> **About this exercise**
Output, word for word and without pictures, the lines from the one containing "Thumbnail Molson Coors" through the final line of the listing below.

> **Data**
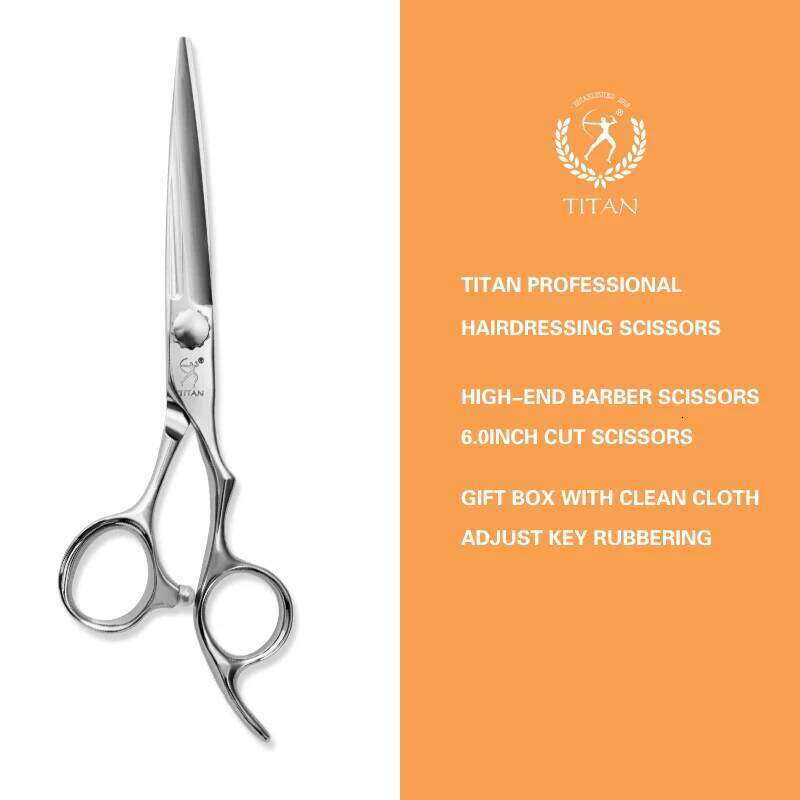 TITAN cut hair shears cutting hairdressing JAPAN ATS314 steel, hand made sharp scissors H260303
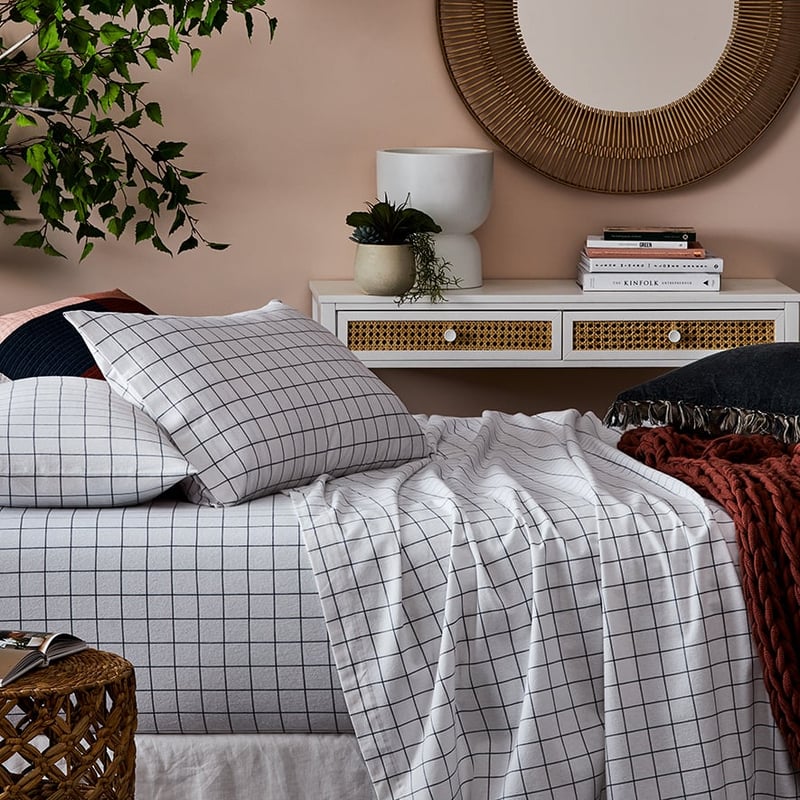 Printed Flannelette Grid Sheet Set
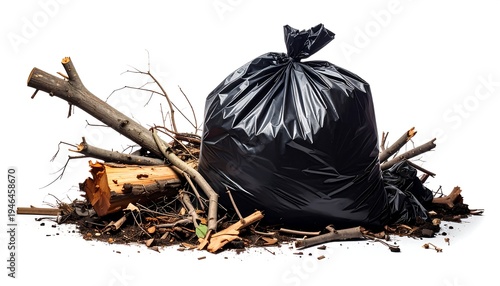 A black garbage bag sits atop a pile of discarded branches, twigs, and wood pieces against a white backdrop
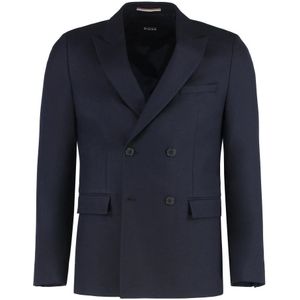Hugo Boss, Heren, Jassen, Blauw, Maat: XL Wol,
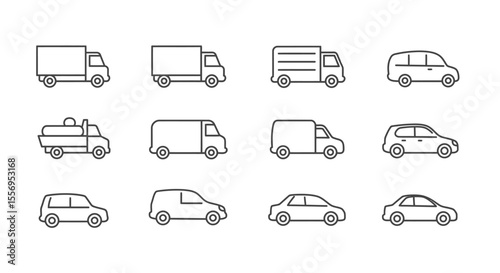 This image features a comprehensive set of transportation icons including cars, trucks, buses, vans, and other delivery vehicles, all presented as vector illustrations perfect for depicting various mo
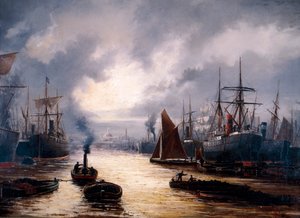 The Pool of London, 1892 af WJ Baker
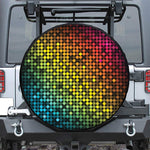 Colorful Disco Lights Pattern Print Leather Spare Tire Cover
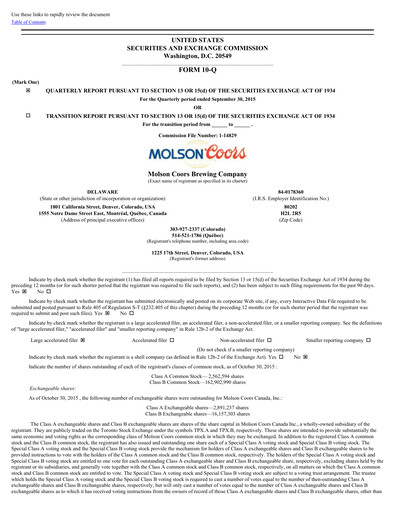 Thumbnail Molson Coors Quarterly Report 2015-q3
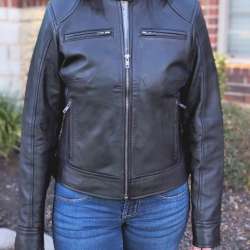 fjackets womens real leather black biker jacket 03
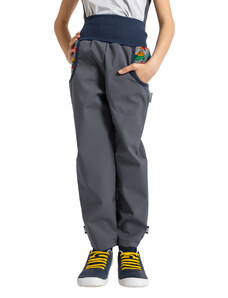 Unuo, Dětské softshellové kalhoty s fleecem Basic, Tm. Šedá, ZOO na výletě
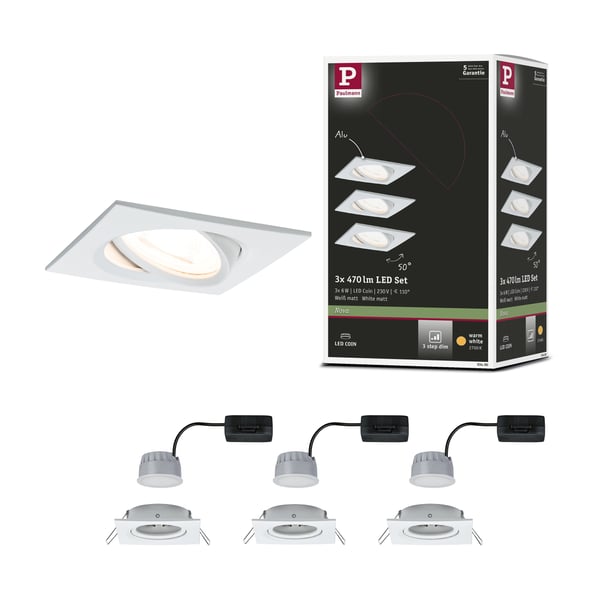 Paulmann Infälld LED lampa 3-Step-Dim Nova Coin 3-stegs dimmer Grundläggande set vinkelformad 84x84 mm 50° Coin 3x6W 3x470lm 230V dimbar 2700K Vit matt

> **Problem solution**
 Thumbnail Molson Coors Quarterly Report 2015-q3
 fjackets womens real leather black biker jacket 03
 Unuo, Dětské softshellové kalhoty s fleecem Basic, Tm. Šedá, ZOO na výletě
 Paulmann Infälld LED lampa 3-Step-Dim Nova Coin 3-stegs dimmer Grundläggande set vinkelformad 84x84 mm 50° Coin 3x6W 3x470lm 230V dimbar 2700K Vit matt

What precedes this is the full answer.